The Foreign Ministry pointed to work conducted by the commission on Srebrenica — where the massacre of 8,000 Bosnian Muslims was carried out — on behalf of the Serbian semi-autonomous region within Bosnia and Herzegovina. That commission’s conclusions, the Foreign Ministry said, “contradict the case law of the International Criminal Tribunal for the former Yugoslavia, the International Court of Justice and the Convention on the Prevention and Punishment of Genocide.”
In a letter sent to a Bosniak Islamic scholar and cited in Bosnian-language media, German President Frank-Walter Steinmeier linked the award reversal to Greif’s position as head of the commission, which is said to have minimized the death toll of the 1995 Srebrenica genocide by Serbian nationalists.
The commission also contested claims that the Srebrenica killings constituted an act of genocide. Swathes of the ethnically diverse Balkan region descended into vicious communal violence following the dissolution of the Yugoslavian Republic in 1992.
Berlin’s decision to strip Greif of his award, added the Foreign Ministry, “does not, however, reduce the recognition of the services that Professor Greif has earned in researching the Holocaust and the German Jews who emigrated to Israel.”
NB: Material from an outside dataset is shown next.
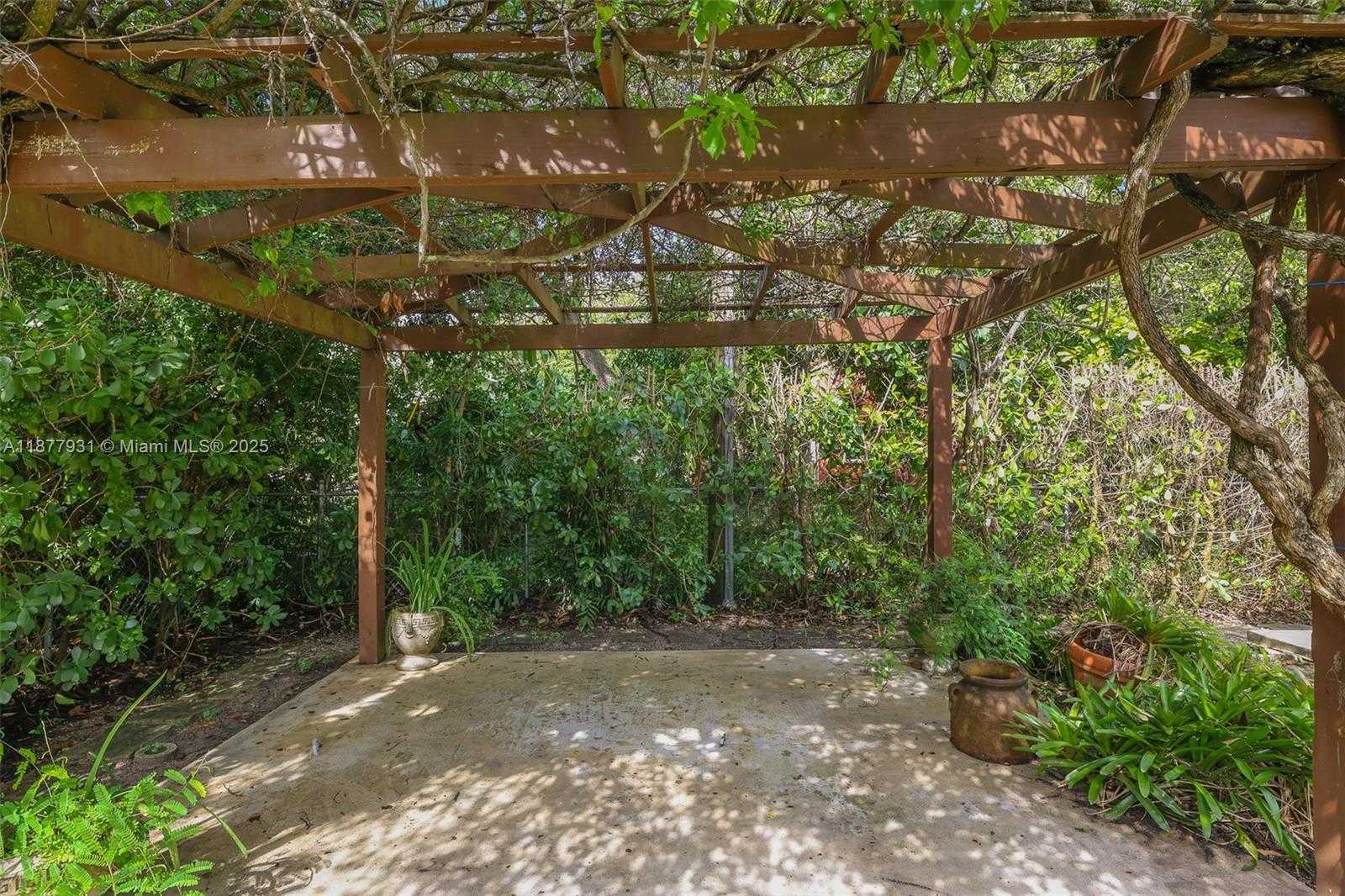 Small Image of 16002 SOUTH WEST 84TH CT, Palmetto Bay Number 58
Greif told Israeli newspaper Haaretz Thursday that he had been unofficially informed he would not be receiving the award — and said Bosnian Muslim Brotherhood members were responsible for ruining his reputation.
“The fact that I am Jewish and an Israeli scholar is the reason for such violent, vicious personal attacks,” he said, blaming “Islamic Brotherhood organizations” in Bosnia for orchestrating a smear campaign against him.
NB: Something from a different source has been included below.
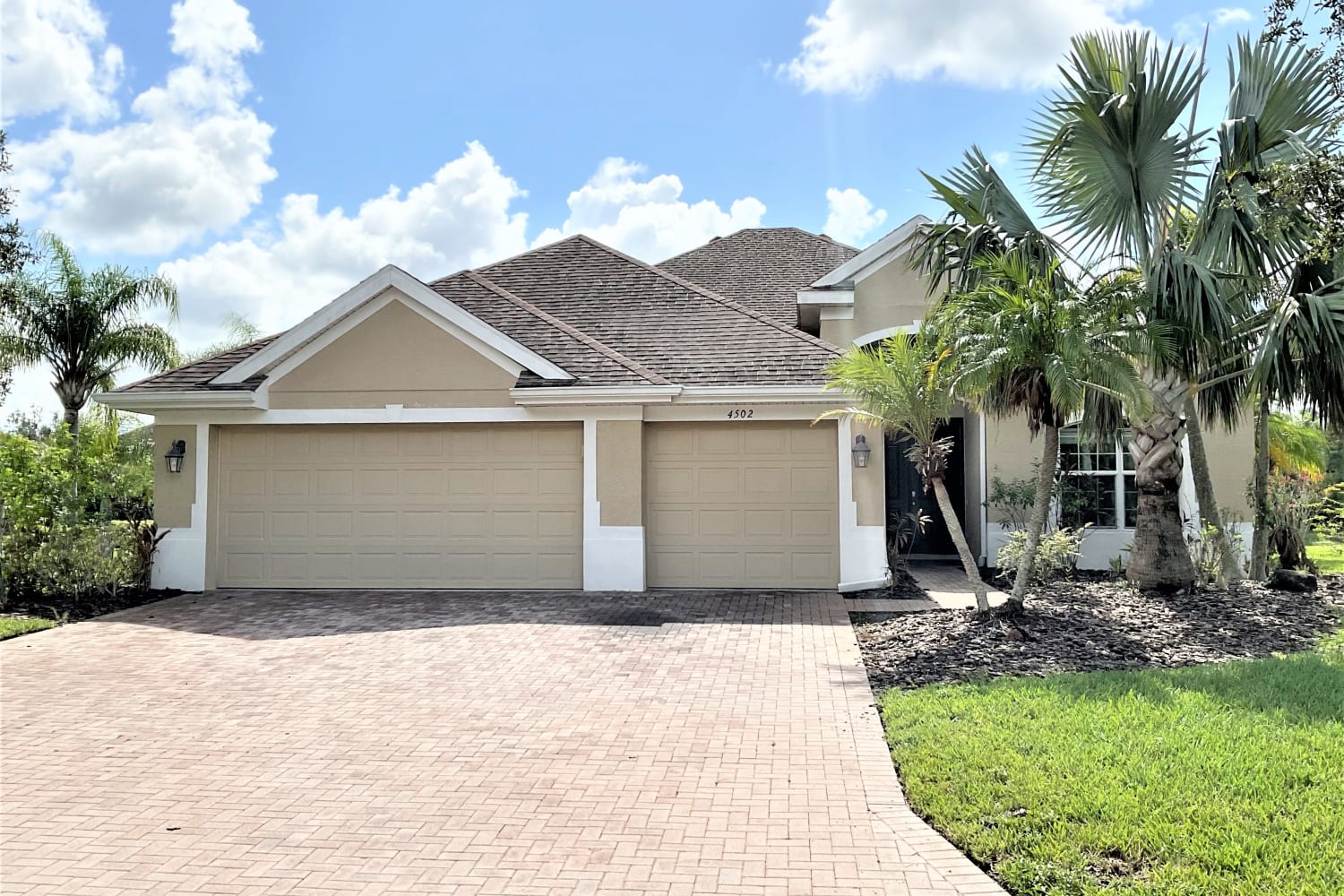 Front of 4502 70th Ave E, Ellenton, FL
“It’s a black stain on Germany. They are murdering the Holocaust victims for a second time,” the historian added.
The award reversal was welcomed in the Bosnian capital of Sarajevo.
Bosnian Foreign Minister Bisera Turkovic told Haaretz in a statement that “no one should be allowed to minimize events that have been judicially and legally established in international courts.”
She added: “Denial of the Holocaust and the Srebrenica genocide empowers perpetrators, which results in the glorification of the convicted war criminals and threatens the repeat of the most horrendous events in our history.”
Menachem Rosensaft, associate executive vice president of the World Jewish Congress, told Haaretz: “The German government’s decision not to honor Gideon Greif with the Order of Merit of the Federal Republic of Germany is wholly appropriate.
“Gideon Greif has emerged as the poster child for Srebrenica genocide denial, and honoring him, even with respect to his prior academic work … would have been tantamount to endorsing his wholly specious and both morally and jurisprudentially offensive distortion of the facts regarding the slaughter of Bosniak Muslims.”